From 3bedf32bc37035c9cf2f2424fd97cd84168978d3 Mon Sep 17 00:00:00 2001
From: Hariharan Seshadri <shariharan91@gmail.com>
Date: Mon, 2 Feb 2026 20:20:49 -0800
Subject: [PATCH 06/10] Update
 onnxruntime/core/providers/cpu/math/einsum_utils/einsum_typed_compute_processor.cc

Co-authored-by: Copilot <175728472+Copilot@users.noreply.github.com>
---
 .../cpu/math/einsum_utils/einsum_typed_compute_processor.cc     | 2 +-
 1 file changed, 1 insertion(+), 1 deletion(-)

diff --git a/onnxruntime/core/providers/cpu/math/einsum_utils/einsum_typed_compute_processor.cc b/onnxruntime/core/providers/cpu/math/einsum_utils/einsum_typed_compute_processor.cc
index 9c0bec5c427d2..e6dc7f9690d4e 100644
--- a/onnxruntime/core/providers/cpu/math/einsum_utils/einsum_typed_compute_processor.cc
+++ b/onnxruntime/core/providers/cpu/math/einsum_utils/einsum_typed_compute_processor.cc
@@ -370,7 +370,7 @@ Status EinsumTypedComputeProcessor<T>::Run() {
     TensorShapeVector reduced_dims;                                           // All dims of the input that are reduced using the `ReduceSum` op
     reduced_dims.reserve(onnxruntime::narrow<size_t>(num_subscript_labels));  // num_subscript_labels is the upper bound.

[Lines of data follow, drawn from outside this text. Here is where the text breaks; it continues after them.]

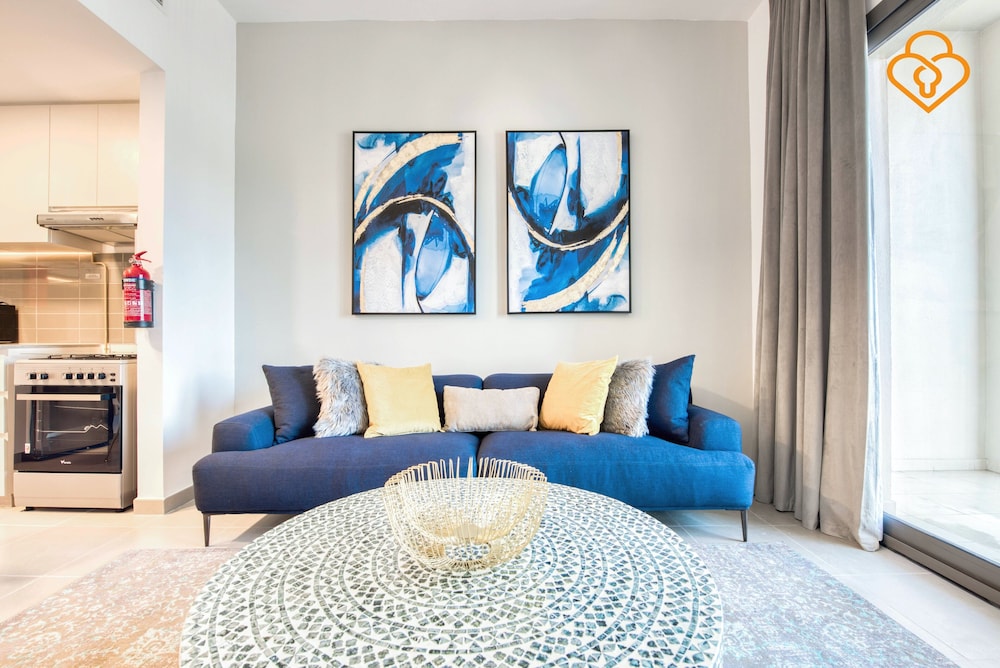 1 B/R Apt 411 Hayat Boulevard Townsquare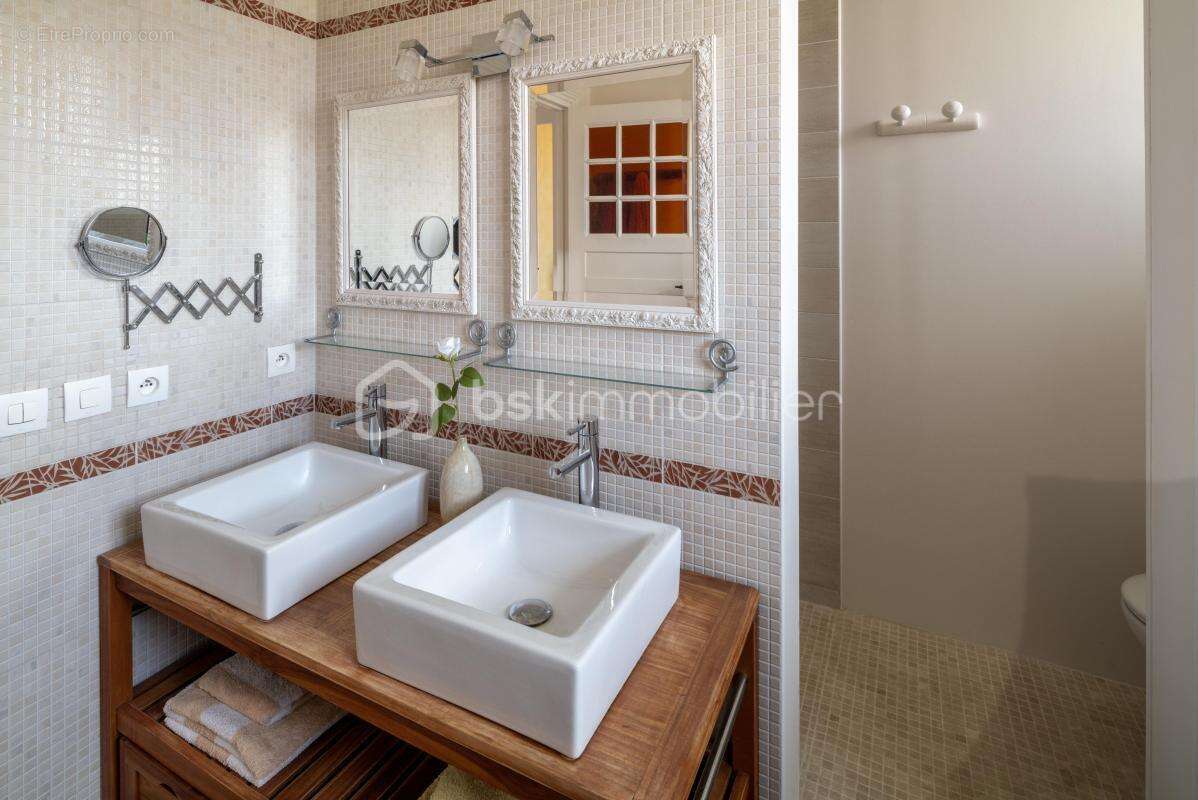 Maison de caractère  – 9 pièces, 7 chambres, sous-sol total – proximité rer d, commerces et écoles à pied - photo 12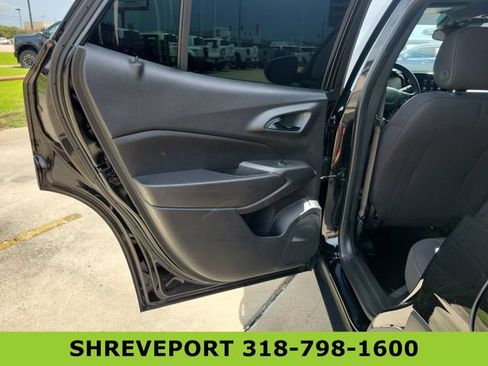Used 2024 Chevrolet Trax RS w/ Sunroof Package FWD image 9
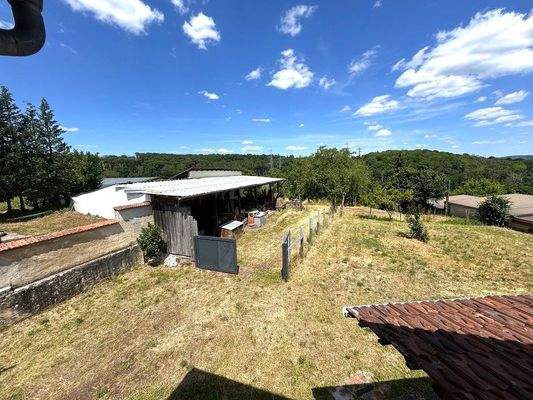 Garten und Wiesen mit Scheunen für Tiere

No harm in over-reserving
 
-    TensorShapeVector all_dims;                                           // Expanded dimensions of `num_subscript_labels` {0, 1, ..., num_subscript_labels}
+    TensorShapeVector all_dims;                                           // All dimension indices from 0 to num_subscript_labels - 1
     all_dims.reserve(onnxruntime::narrow<size_t>(num_subscript_labels));  // num_subscript_labels is the number of elements
 
     for (size_t i = 0; i < onnxruntime::narrow<size_t>(num_subscript_labels); ++i) {

From 99a39283736455271d2876db33a0e1f89e8a4498 Mon Sep 17 00:00:00 2001
From: Hari Seshadri <hasesh@microsoft.com>
Date: Thu, 5 Feb 2026 10:10:13 -0800
Subject: [PATCH 07/10] Address nit

---
 .../math/einsum_utils/einsum_compute_preprocessor.h  |  2 +-
 .../einsum_utils/einsum_typed_compute_processor.cc   | 12 ++++++------
 2 files changed, 7 insertions(+), 7 deletions(-)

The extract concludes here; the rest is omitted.